I'm taking two classes this quarter: general chemistry (online) and psychology 100. I've never taken a psychology class before, so that is proving quite interesting. I'm actually familiar with a lot of the terminology and ideas, I just don't have much deep knowledge of them. Chemistry so far is all stuff I've learned before, but way back in high school. I was pretty proud of myself for remembering the Fe is iron and Cu is copper.
What are these classes for? Well, I've decided that I want to get a MS in Nutrition and become a registered dietician. It's taken me several years to settle on this area. My first interest occurred while Gareth was still very young and I had lost a ton of weight while nursing and depressed. Everyone kept telling me to eat more pie or ice cream or [insert your favorite dessert here]. The doctor told me I needed more calories. I wanted to know how to gain the weight back in a healthy way and so sprouted my interest in nutrition. Through the years I've also considered doing degrees in musicology and library science and in accounting. Ryan tried to convince me that programming was the way to go. While I agree that it'd be a great field to get into I'm simply not all that interested and have a hard time imagining looking at code all day. Accounting seemed very practical and with good job guarantees. I wouldn't love it, but I didn't think I'd absolutely hate it either. Library science/musicology stayed within my original field and would act on interests I didn't fully realize I had until I was about to graduate. But I knew a couple of librarians who advised me that it wasn't exactly a great time to do library science, that jobs were going to be scarce. I had, for a while, put my interest in nutrition aside because it would be a switch to the science side of things, which would mean a lot more work than sticking to something in the humanities or even accounting. But when we moved here I became friends with a dietician and talking with her renewed my interest in the field. It is a field that is expected to grow quite a bit over the next couple decades, due to aging population and a generally heightened interest in food and nutrition. So hopefully that should mean a greater job availability.

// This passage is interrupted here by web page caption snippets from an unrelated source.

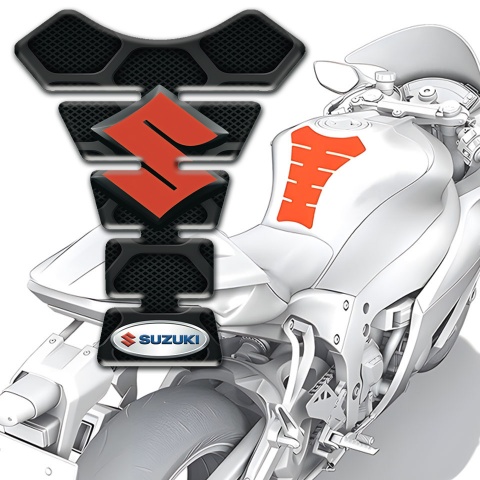 Suzuki Tank Pad Motorbike Black Model with Gray Patterns 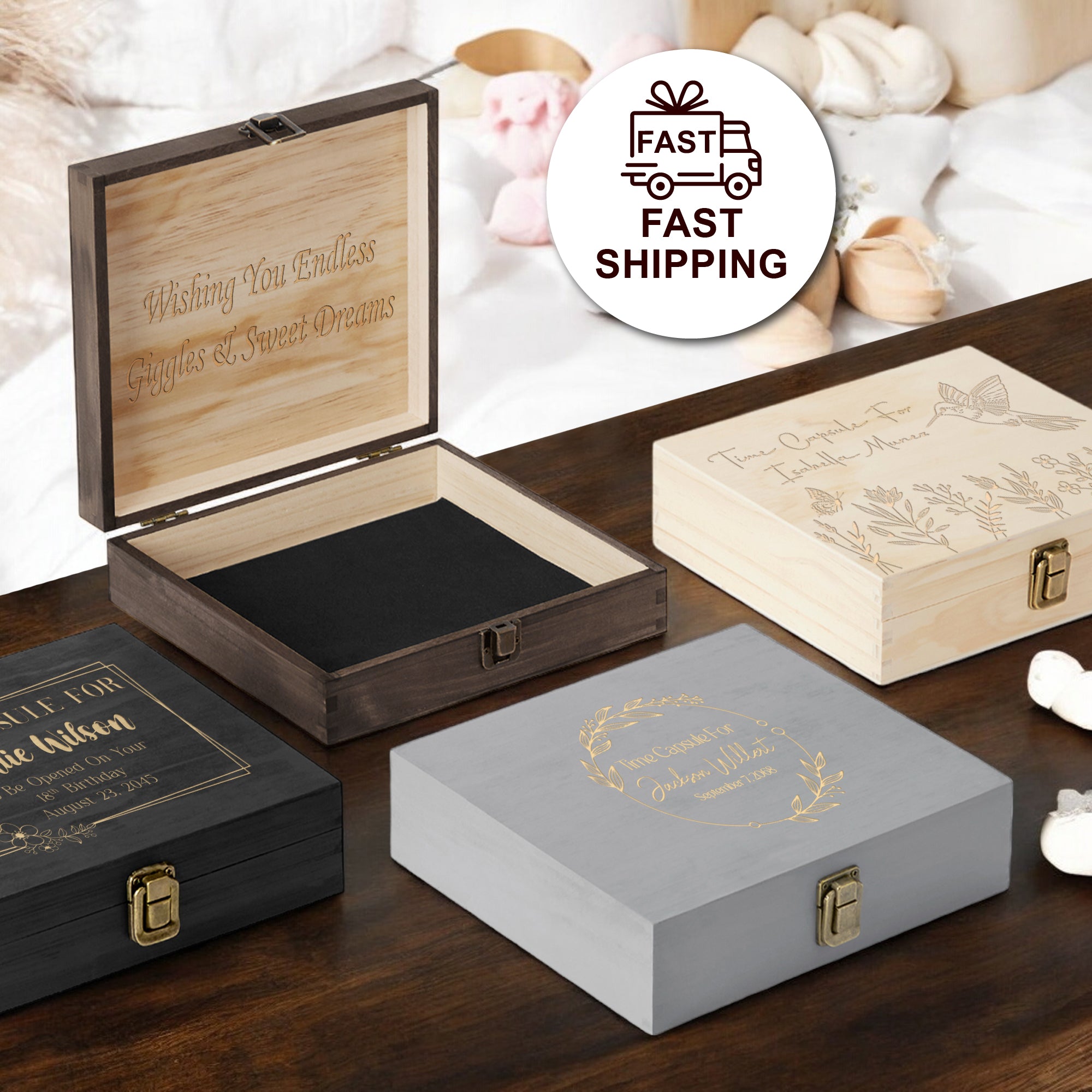 A variety of personalized wooden keepsake boxes, each engraved with unique designs, perfect for name baby gifts. These memory keepsake boxes are ideal as customized baby gifts for baby showers, newborn baby gifts, or birthday baby gifts. The image highlights a time capsule gift option, suitable for both girls and boys, with fast shipping available, making it a thoughtful present for new moms.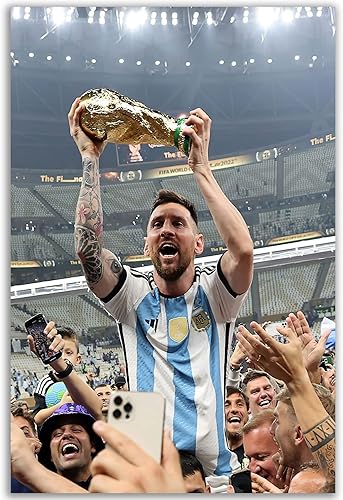 Messi - Póster de campeón argentino 2022, famosa superestrella de fútbol, arte de pared para dormitorio de niños (sin marco, 16 x 24 pulgadas, A)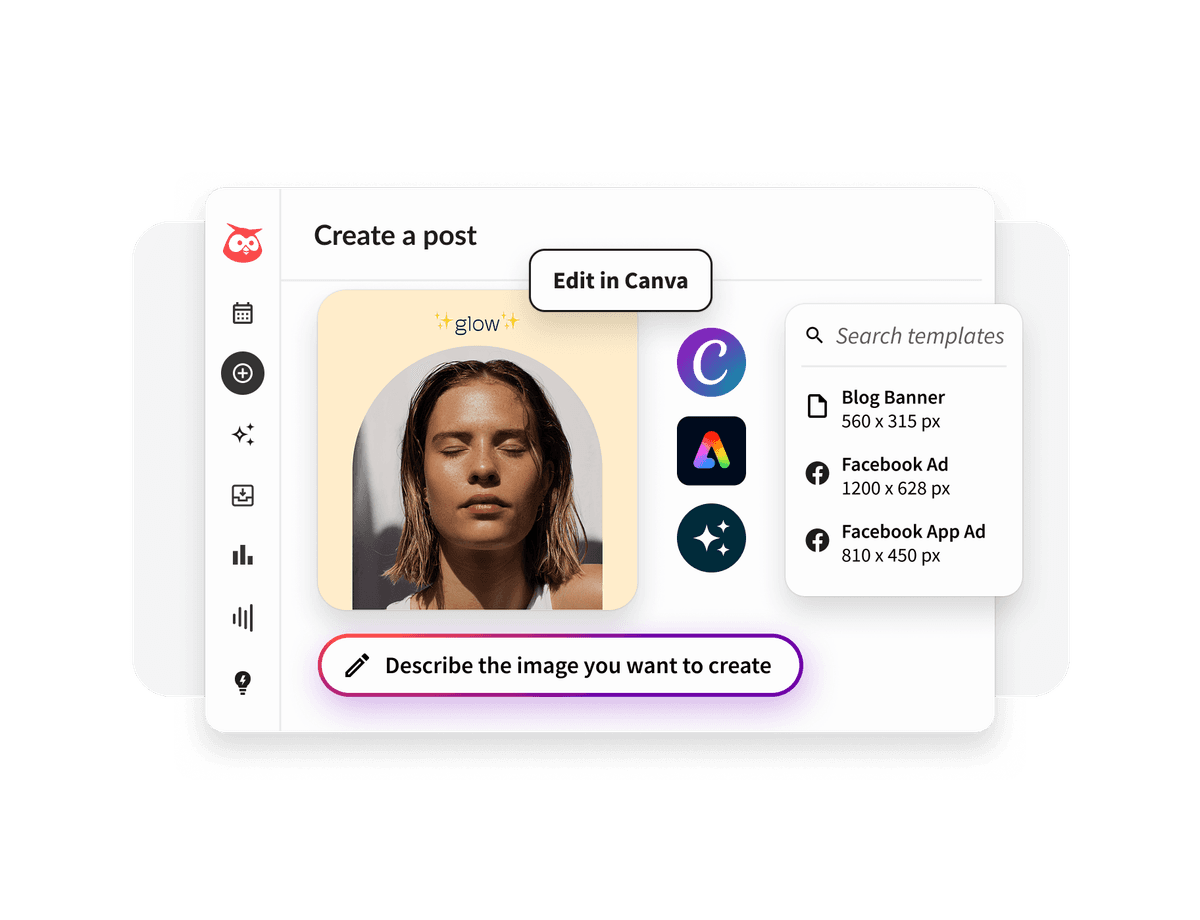 Screenshot of Hootsuite interface showing template options and an image editor with a glowing portrait against a light background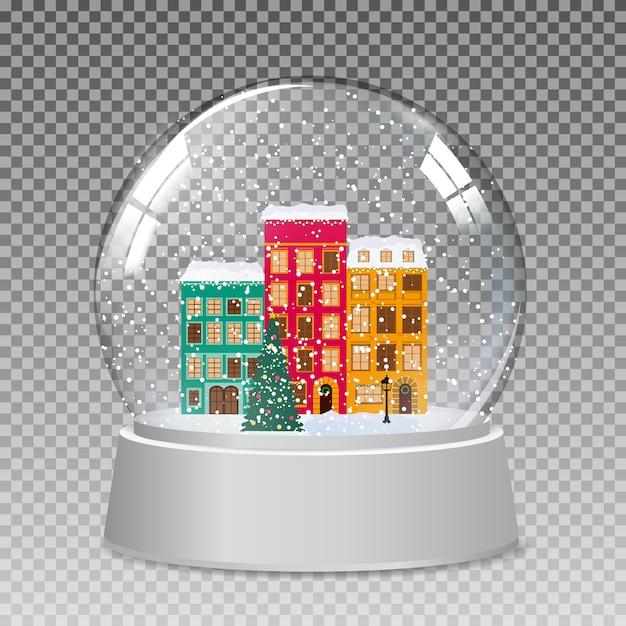 Globo di vetro di neve con piccola città in inverno per regalo di natale e capodanno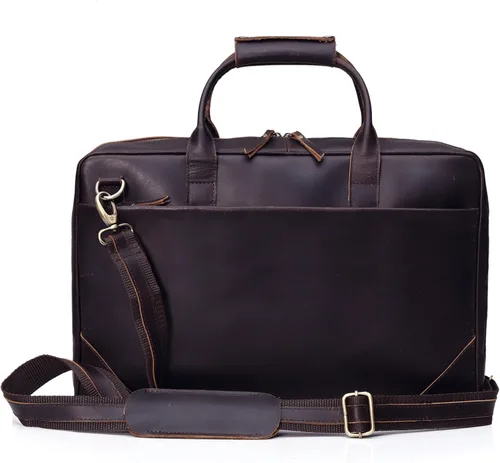 Maletín delgado de cuero de grano completo para hombre, bolso de mensajero para computadora portátil, color marrón, vintage, trabajo, trabajo, bolsa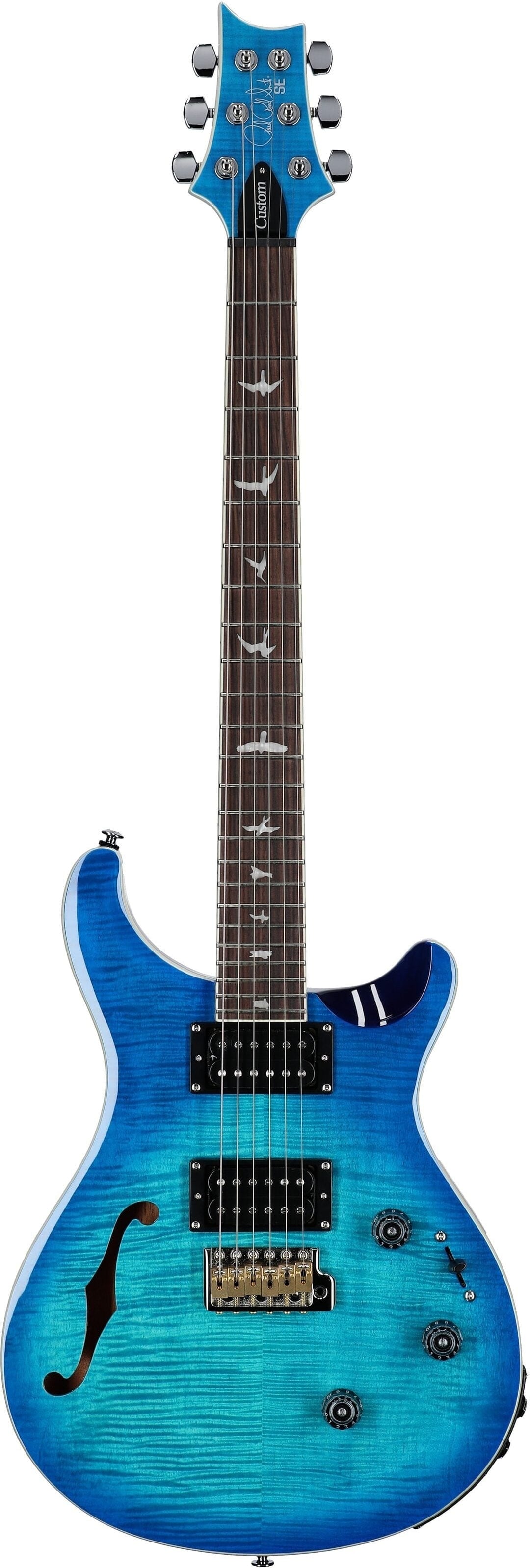 PRS SE Custom 24 Semi-Hollow Piezo Electric Guitar - Lake Blue 4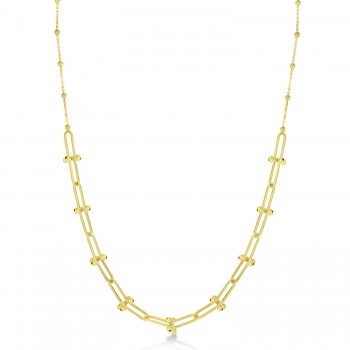 U-Link Paperclip Bead Hardwear Chain Necklace 14k Yellow Gold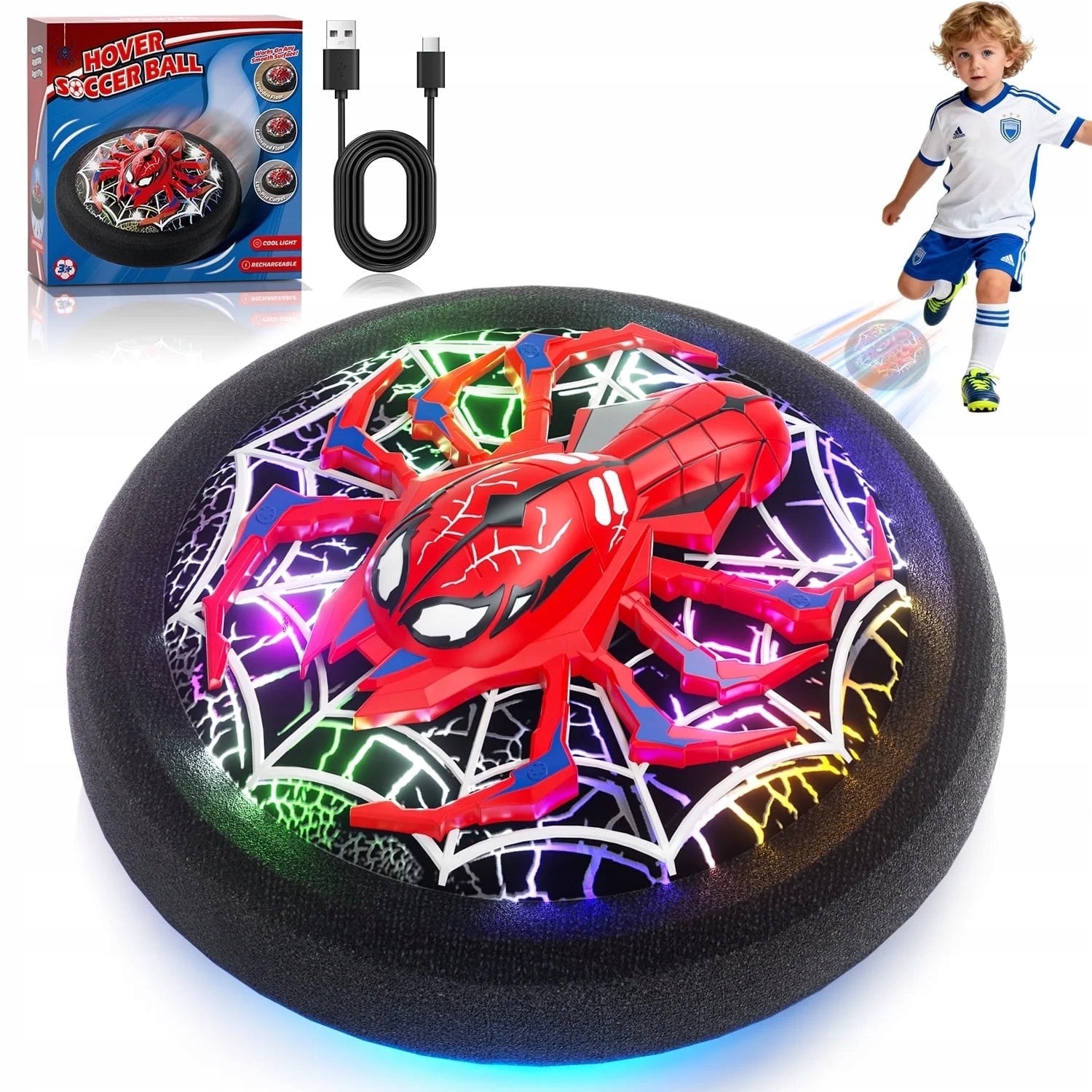 FLYING FOOTBALL SPIDER FOOTBALL TO PLAY AT HOME LEVITATING LED CYMBERGAJ GIFT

Why do I want to get another degree/work outside the home? For me, it primarily comes down to vulnerability. I am incredibly vulnerable right now and I hate that. If Ryan were to die right now, we'd be in big trouble (though the life insurance would last a few years probably). Or if our relationship were to disintegrate and we separated, I would not be in a good place to support myself or our kids. Some might see this perspective as rather pessimistic. On the contrary, I hold an extremely optimistic view of our marriage relationship; I think we'll be together until we die. But to refuse to acknowledge the possibilities or to prepare for the worst of them leaves me uncomfortable. I feel I have a responsibility to myself and especially to our children to be capable of providing for them. Aside from limiting vulnerability, I love getting outside of the house to work. I love the opportunity it provides to interact with others in a different capacity than I normally do at home or with other parents at school and I love contributing to our household in a very concrete, tangible way. I'm hopeful that whatever job I find after I finish all this schooling will be flexible enough that between Ryan and myself one of us will always be able to be home when the boys get out of school.
Right now I'm working on prerequisites. Well, prerequisites to the prerequisites. I have a lot of science classes to take, so it'll probably take me a couple of years to finish all of these. And then I guess I'll have to take the GRE. Blergh. I have not yet decided where I'll apply for the MS program, but almost certainly to UW. I hear a lot of good things about Bastyr, but their high concentration of pseudo-scientific programs worries me. I'd like more than one school to apply to though, so we'll have to do some searching and seriously consider what will be the best route for us as that time approaches. Anyway, that's the basic plan for now, and probably why blogging will be sporadic for a while, not that I was all that prolific to begin with.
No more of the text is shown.